<<<<
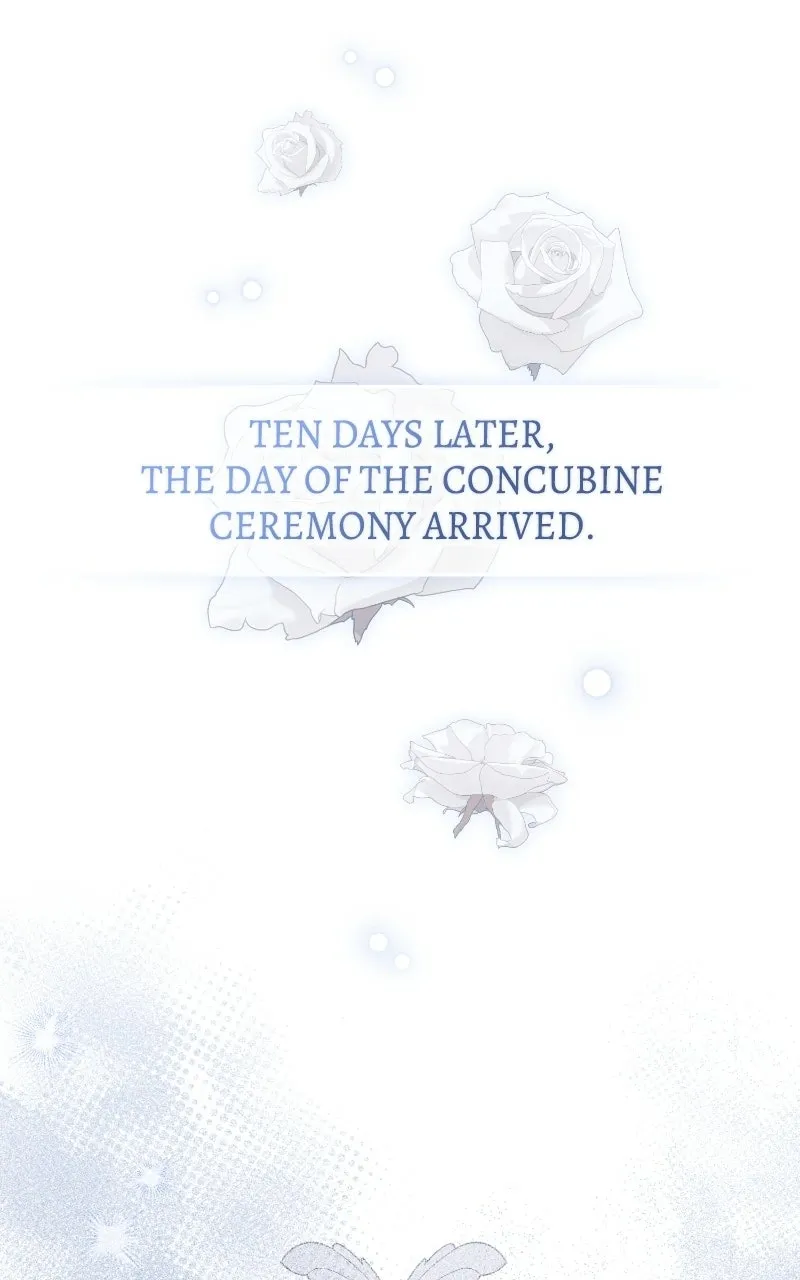 The Acting Empress Still Spends the First Night - Chapter 14 - Page 1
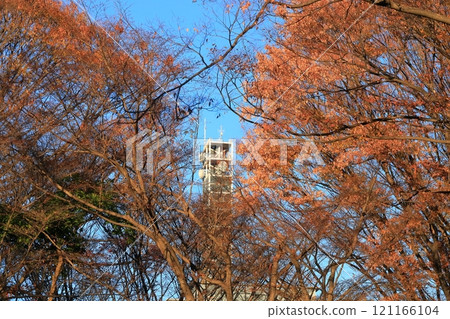 東京千代田區北之丸公園的楓葉 121166104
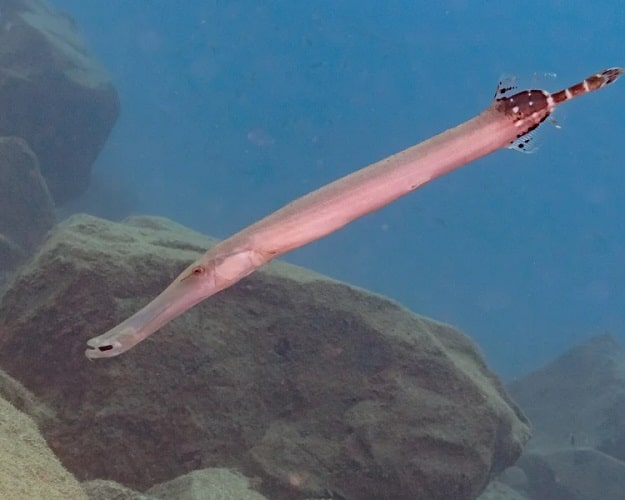 pez trompeta fauna submarina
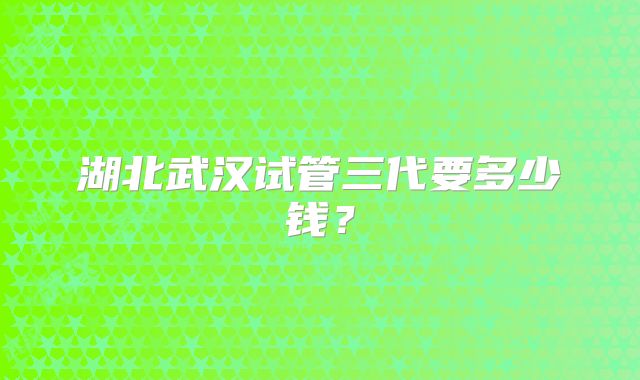 湖北武汉试管三代要多少钱？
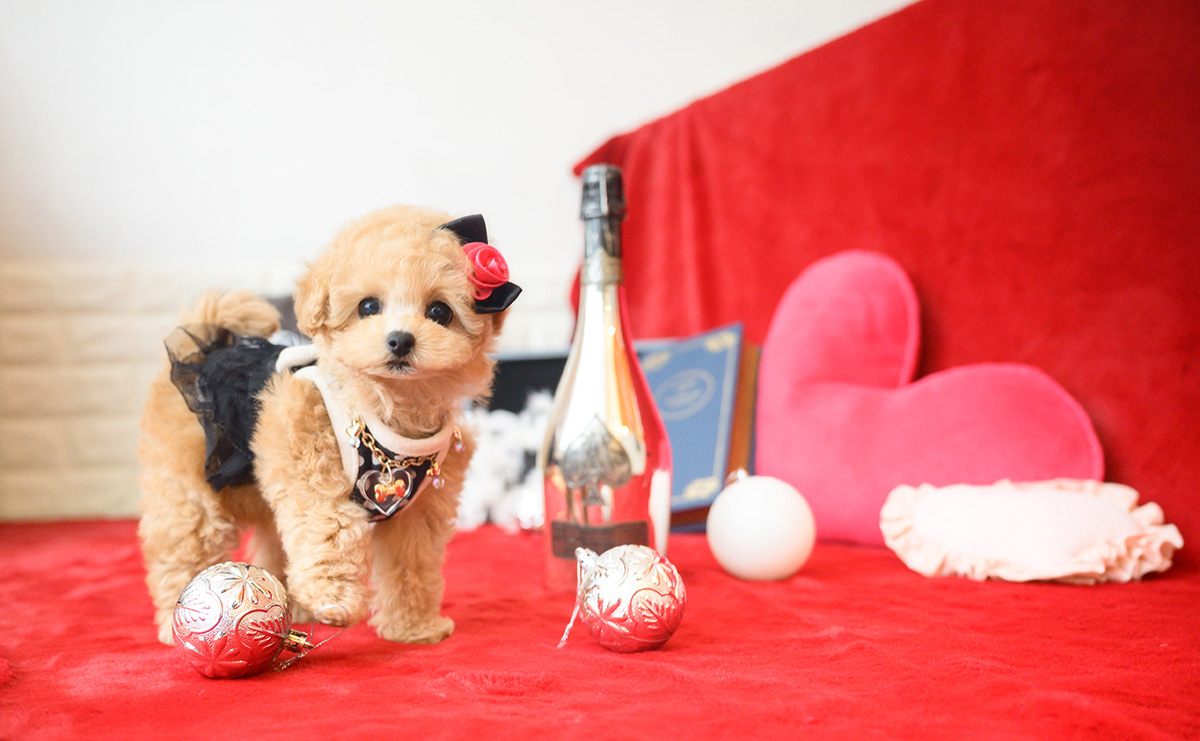 ティーカッププードルのアプリコットの女の子｜2025年10月14日生まれ｜No.11006｜画像1枚目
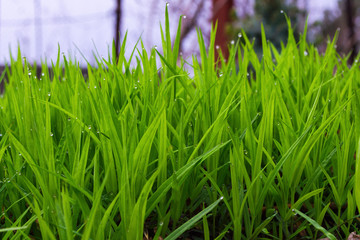 Raindrops on leaves. Wet Grass. Wet green grass with drops after rain. Natural background with limited depth of field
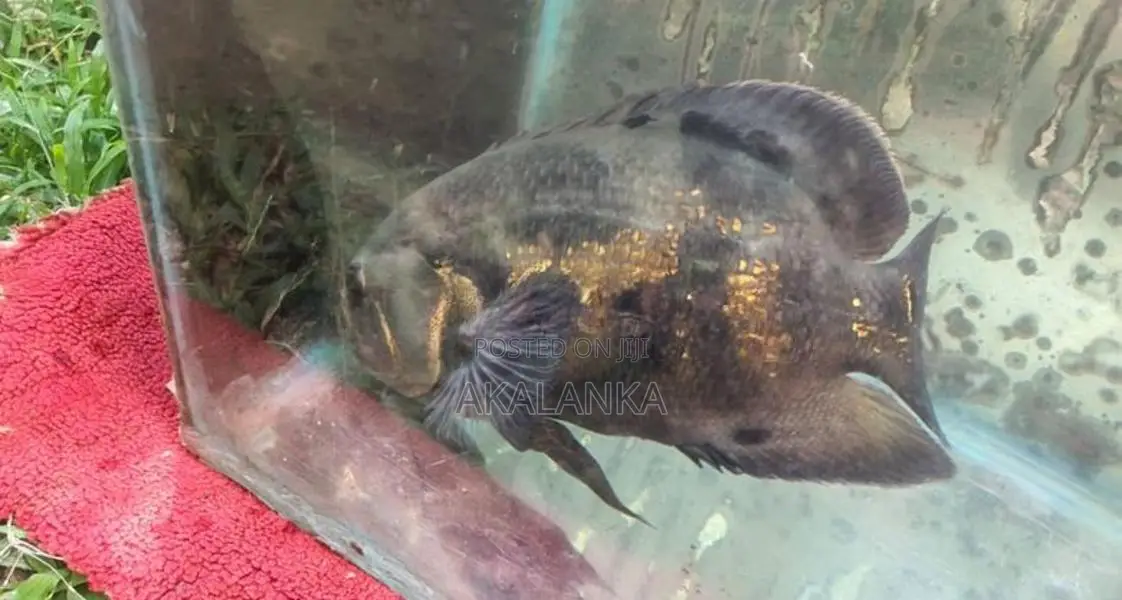 Black Tiger Oscar Fish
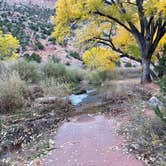 Review photo of Vista Linda Campground — Santa Fe National Forest by Zachary H., November 10, 2022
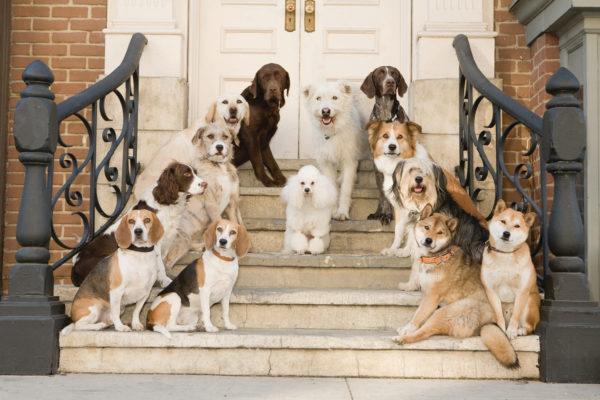 Viele Tiere im Haus 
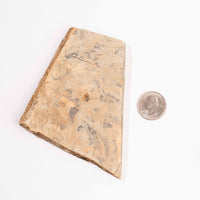 Slaty Shale Record - Earth Love Gallery Collection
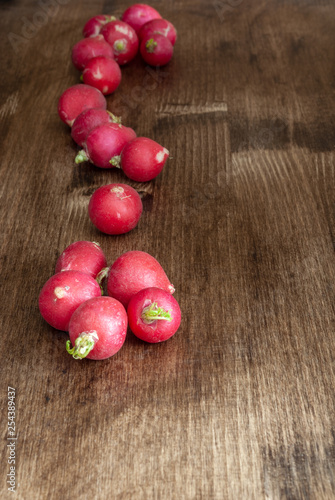 Top view of radishes on dark wooden background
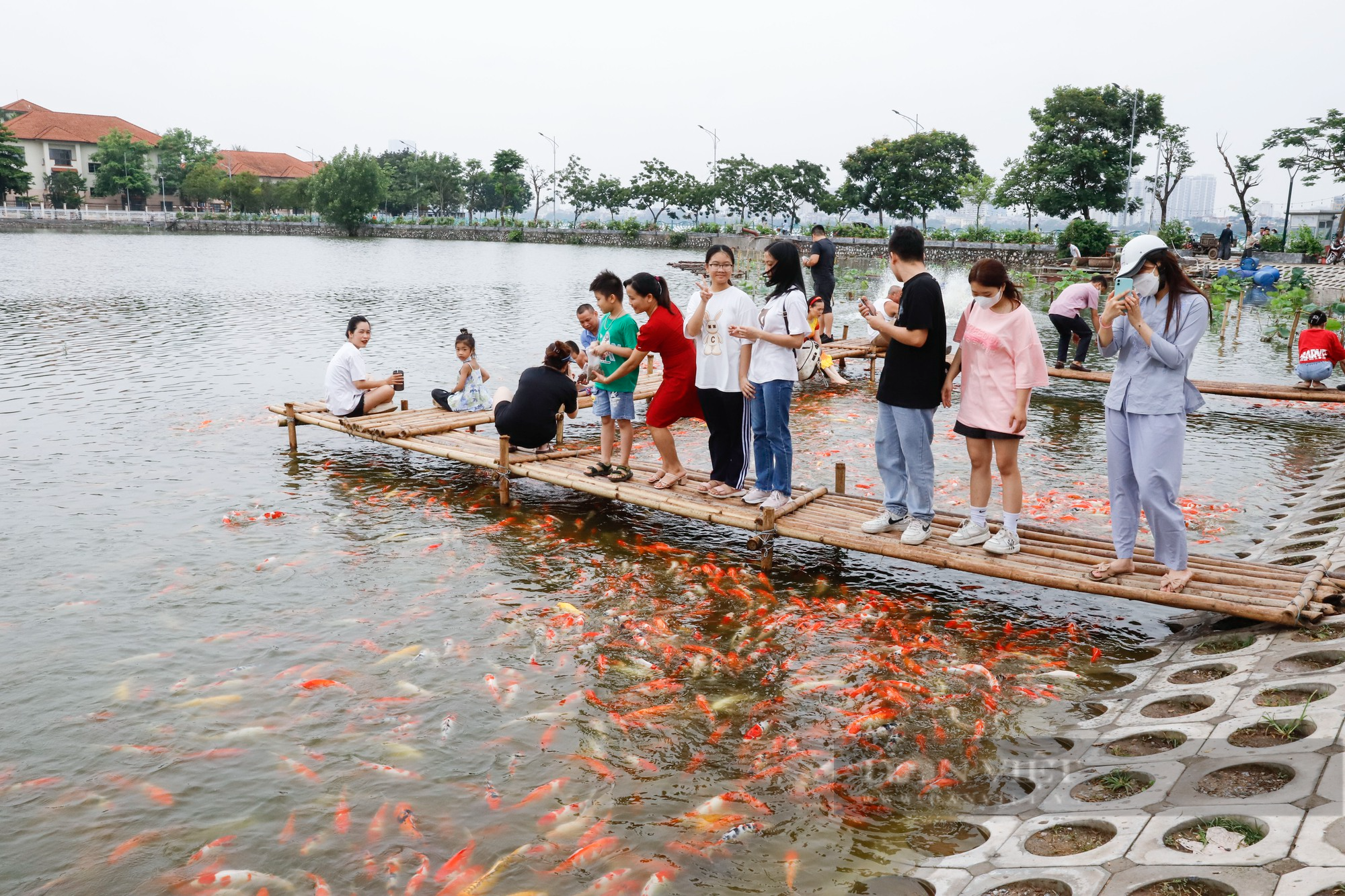 Thả hàng nghìn con cá Koi xuống đầm sen hồ Tây - Ảnh 1.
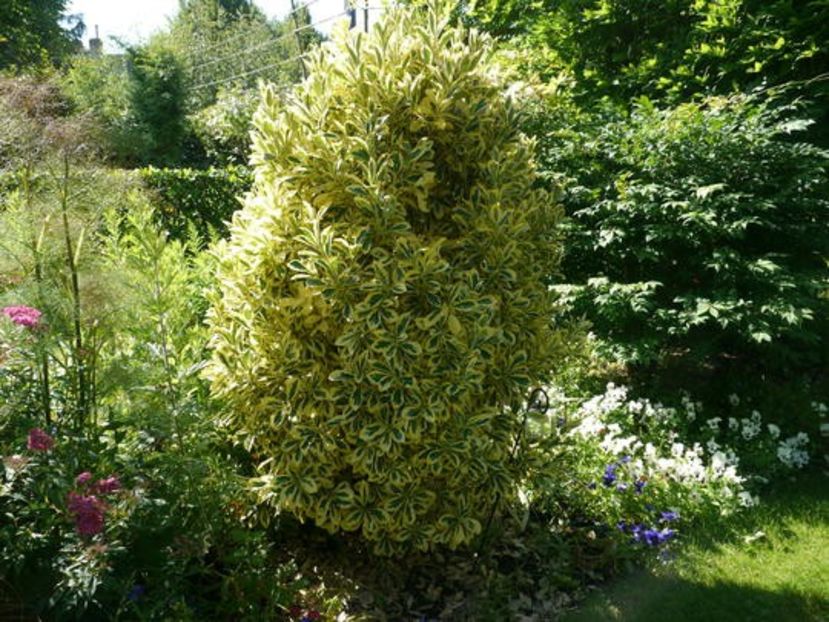 euonymus_japonica_bravo__6 - Euonymus japonicus Bravo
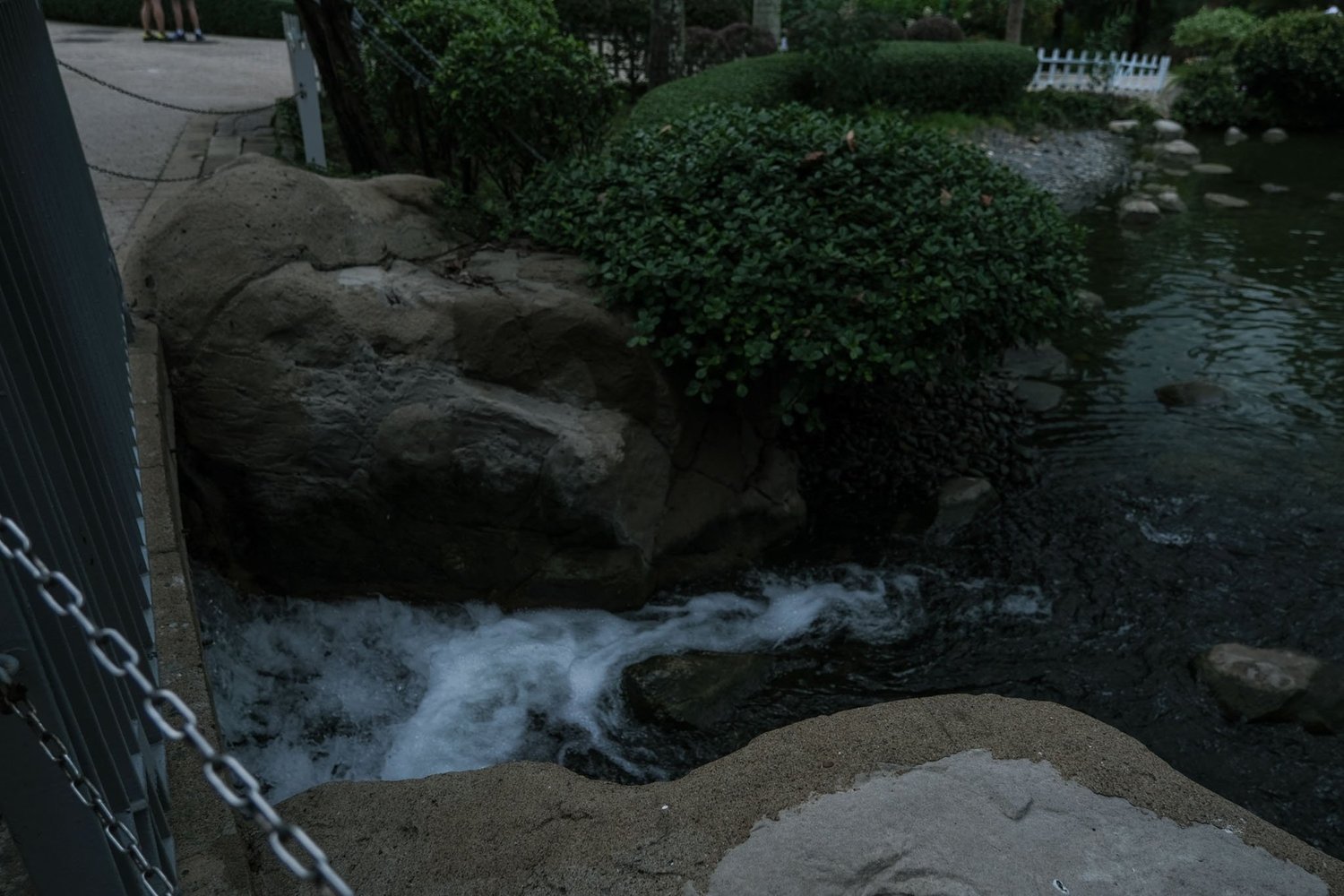 Gallery 1 - Nature-60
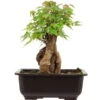 Dreispitzahorn, Bonsai, 11 Jahre, 25cm -Bonsai Verkaufe oacebue111 12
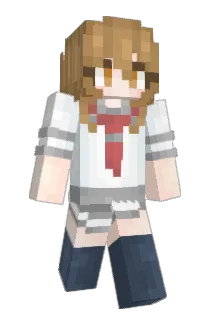 ggggg1 Minecraft avatar full body
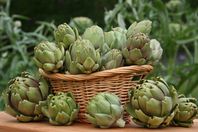 "الخرشوف" يقضي على سرطان القولون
>>>>
▶ _Task objective_:
Leave out the pictures and output every record above precisely as given.

▶ _Completed exercise_:
 The Acting Empress Still Spends the First Night - Chapter 14 - Page 1
 東京千代田區北之丸公園的楓葉 121166104
 pez trompeta fauna submarina
 湖北武汉试管三代要多少钱？
 ティーカッププードルのアプリコットの女の子｜2025年10月14日生まれ｜No.11006｜画像1枚目
 Raindrops on leaves. Wet Grass. Wet green grass with drops after rain. Natural background with limited depth of field
 Black Tiger Oscar Fish
 Review photo of Vista Linda Campground — Santa Fe National Forest by Zachary H., November 10, 2022
 Viele Tiere im Haus 
 Slaty Shale Record - Earth Love Gallery Collection
 Top view of radishes on dark wooden background
 Thả hàng nghìn con cá Koi xuống đầm sen hồ Tây - Ảnh 1.
 euonymus_japonica_bravo__6 - Euonymus japonicus Bravo
 Gallery 1 - Nature-60
 Dreispitzahorn, Bonsai, 11 Jahre, 25cm -Bonsai Verkaufe oacebue111 12
 ggggg1 Minecraft avatar full body
 "الخرشوف" يقضي على سرطان القولون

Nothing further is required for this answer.